# How much light does a car produce?



## wuyeah (Nov 24, 2005)

Just one of my curiosity. How much Lumens does a regular car high beam produce? LED or Incandescent. 

Does car high beam produce more than Surefire M6??


----------



## Roy82 (Nov 24, 2005)

As a pretty crude estimate, I'd say each headlight bulb (55W) would be say 1200 lumens. 

On high beam (60W or a separate 100W globe) it may be higher than 2500 lumens with the 100W. That'd depend on the car what bulb(s) are in there. 

Think the brightest the M6 gets, according to Surefire is 500 lumens. So I think the car wins.

Someone else will probably have some better numbers than me, hopefully I'm not too far off and embarrass myself on my first post!


----------



## Lynx_Arc (Nov 24, 2005)

You can take as a rough estimate the wattage of the bulbs and compare. Car headlights range from 50watt low beam to 100watts high beam. The focus on headlights it less than nominal for a flashlight as a lot of light is scattered purposely on low beam and a tighter flood on high beam that most flashlight makers find useful on high output lights such as the thor versions. Comparing them to flashlights is not entirely easy or useful.


----------



## illuminator196972 (Nov 24, 2005)

Roy I would say 500 to 1000 lumens on high beams.


----------



## 270winchester (Nov 24, 2005)

H4 automotive bulbs routinely go up to 130watt don't they? I have seen a lot of cars with bulbs that rival that of the thor spotlights, but two of them. Well, that's before car companies widely started using HID modules....


----------



## bfg9000 (Nov 26, 2005)

Does indeed depend on the bulb and reflector. An H7 is rated for 1500 lumens from 55w, while most other 55w bulbs deliver ~1200. Installing the same bulb in a low beam reflector will result in additional losses out the front from the cutoff shields. 

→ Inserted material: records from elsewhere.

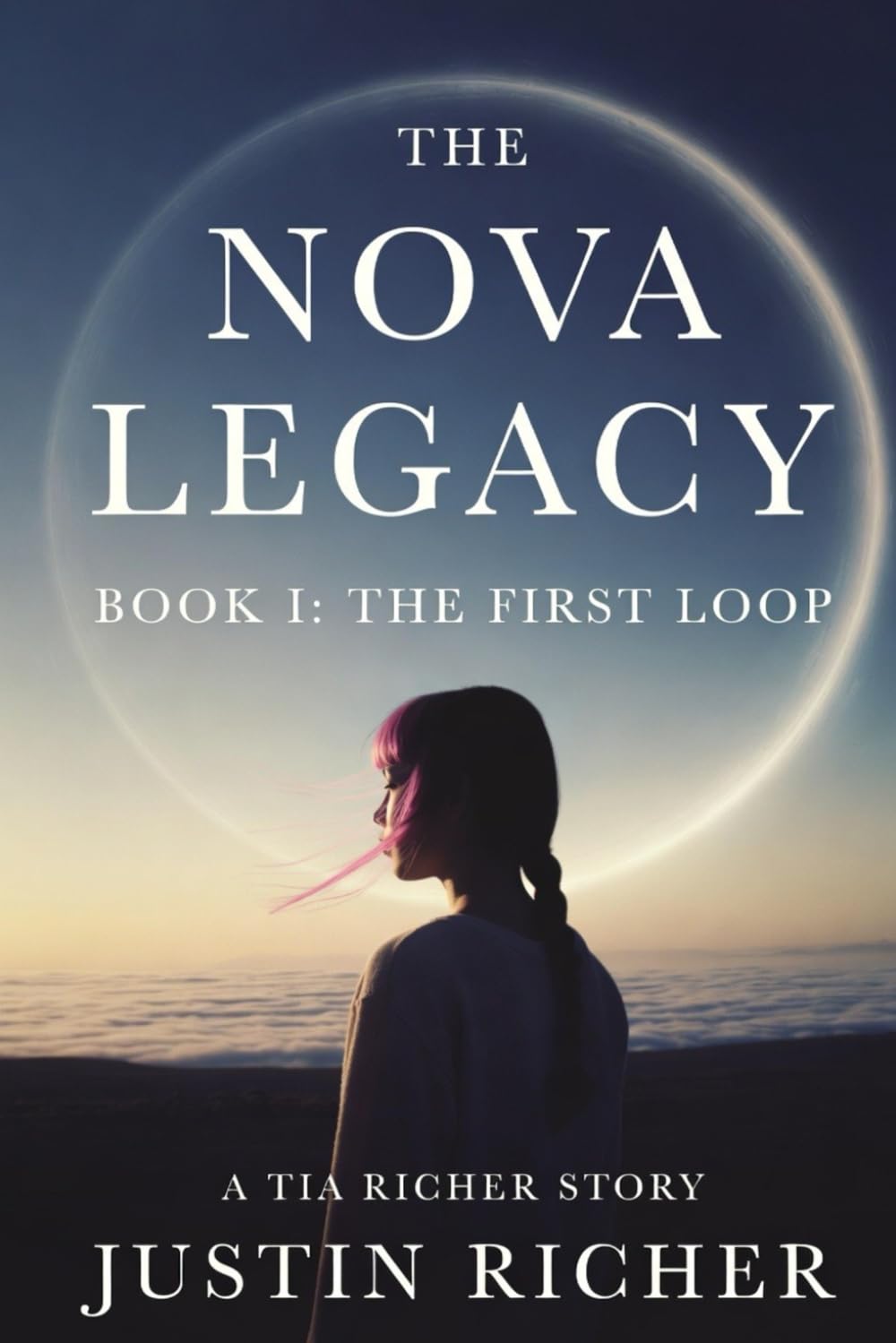 The Nova Legacy: Book I — The First Loop: A Tia Richer Story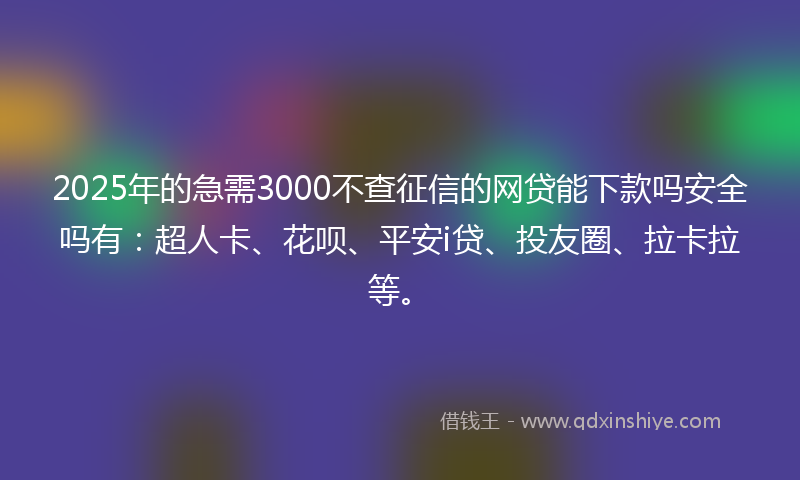 2025年的急需3000不查征信的网贷能下款吗安全吗有：超人卡、花呗、平安i贷、投友圈、拉卡拉等。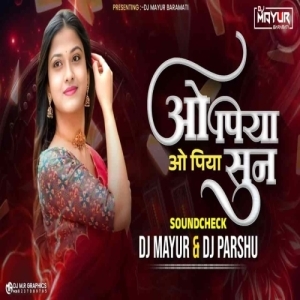 O Piya O Piya Sun (Sound Check) DJ Mayur X DJ Parshu.mp3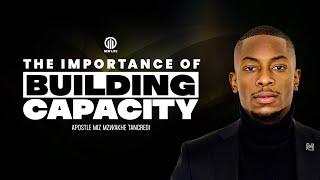 The Importance of Building Capacity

For comparison, a standard H2S HID low beam lamp is rated for 3200 lumens/35w.


----------



## Blackbeagle (Nov 27, 2005)

For what it's worth, the older literature for the MCharger and other lights similar to it used to refer to the typical (for the time) sealed beam headlights as having about 20,000 CP.


----------



## nemul (Nov 27, 2005)

i seen 160w H4's on ebay... i could turn my 10cp into a 20cp.. lmao


----------